Exercise – Look through the entries below and copy exactly the part that begins with the line containing "Here we're going" and ends with the line containing "First, select the". Do not copy the pictures.

Supplied material START

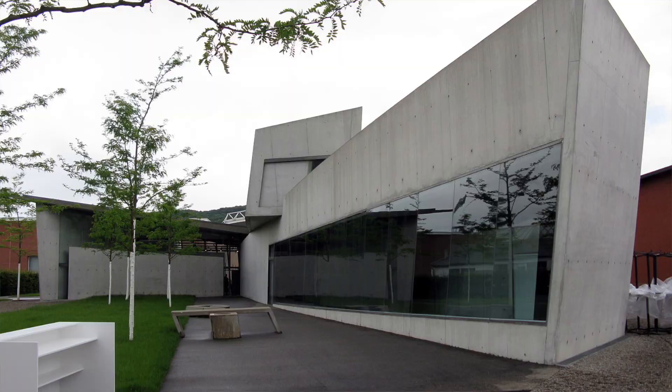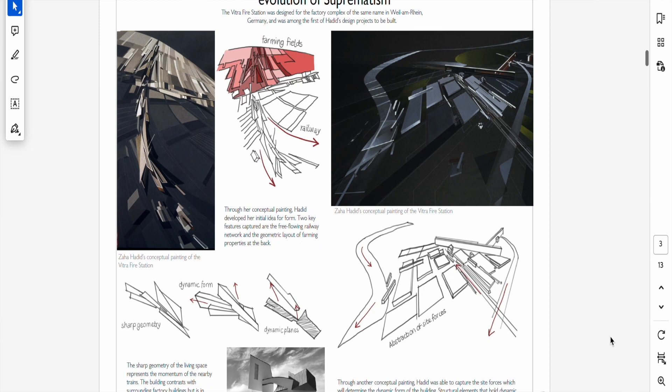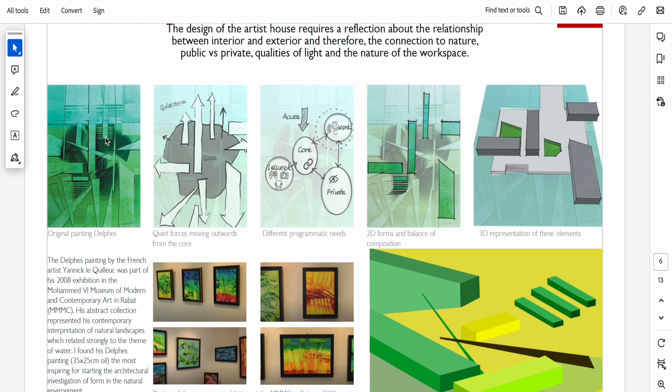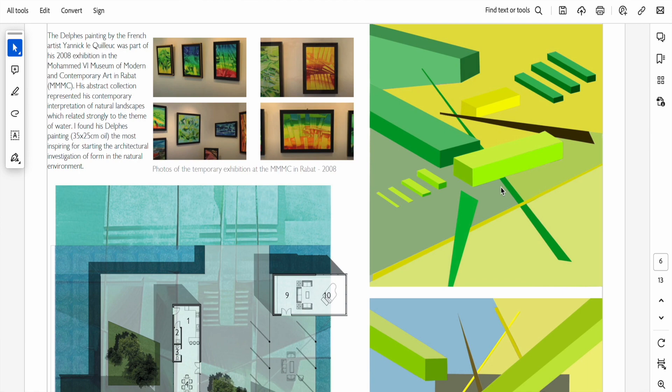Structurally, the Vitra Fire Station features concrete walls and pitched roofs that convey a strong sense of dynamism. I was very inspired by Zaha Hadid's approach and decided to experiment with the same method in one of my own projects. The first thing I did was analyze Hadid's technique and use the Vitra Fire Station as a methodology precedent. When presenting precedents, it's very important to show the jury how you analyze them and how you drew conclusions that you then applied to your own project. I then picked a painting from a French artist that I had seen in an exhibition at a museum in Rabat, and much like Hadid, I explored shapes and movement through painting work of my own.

Supplied material END
Supplied material START

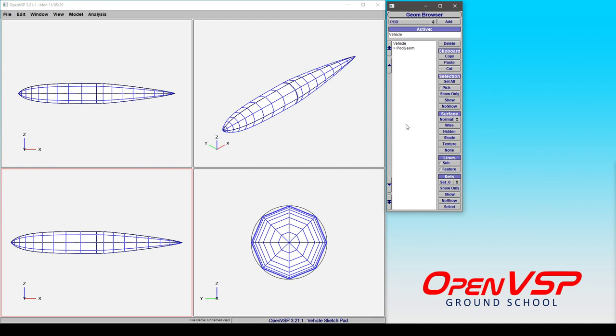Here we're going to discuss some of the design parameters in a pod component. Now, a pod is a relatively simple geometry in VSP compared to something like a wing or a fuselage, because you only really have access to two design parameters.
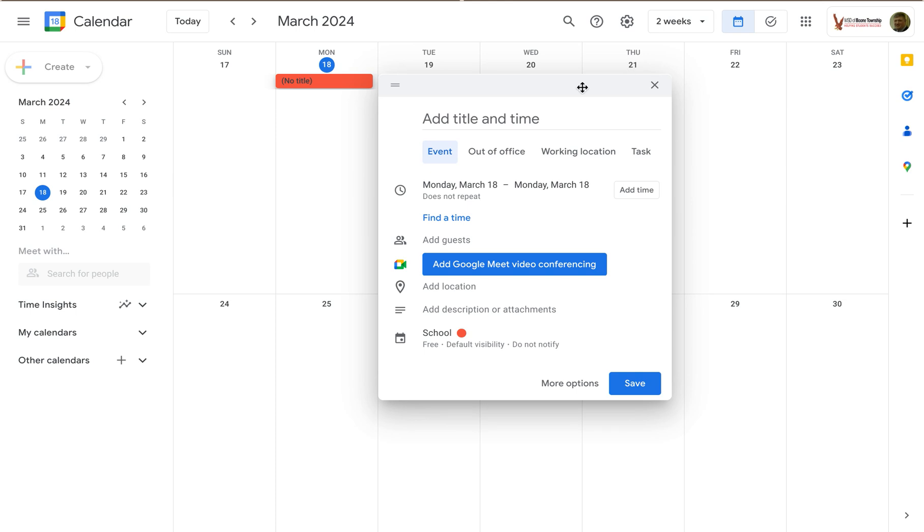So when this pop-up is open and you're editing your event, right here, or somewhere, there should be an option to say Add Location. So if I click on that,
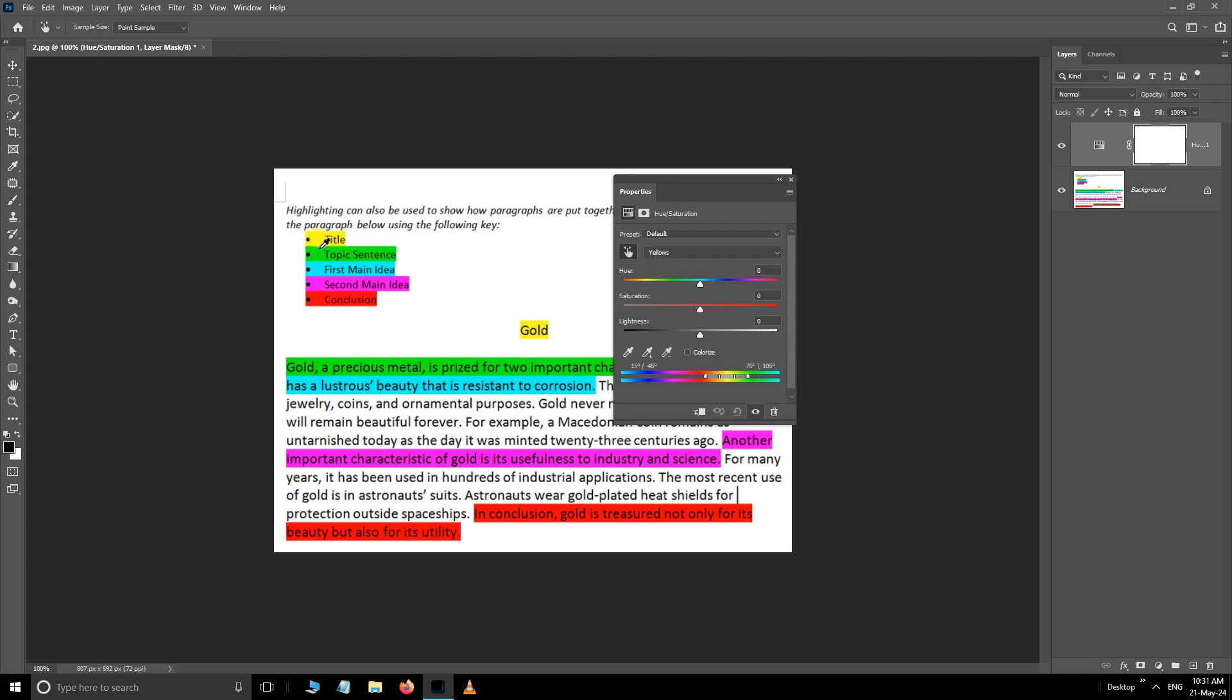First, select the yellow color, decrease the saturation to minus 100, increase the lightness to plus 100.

Supplied material END

Answer space –
Here we're going to discuss some of the design parameters in a pod component. Now, a pod is a relatively simple geometry in VSP compared to something like a wing or a fuselage, because you only really have access to two design parameters.
So when this pop-up is open and you're editing your event, right here, or somewhere, there should be an option to say Add Location. So if I click on that,
First, select the yellow color, decrease the saturation to minus 100, increase the lightness to plus 100.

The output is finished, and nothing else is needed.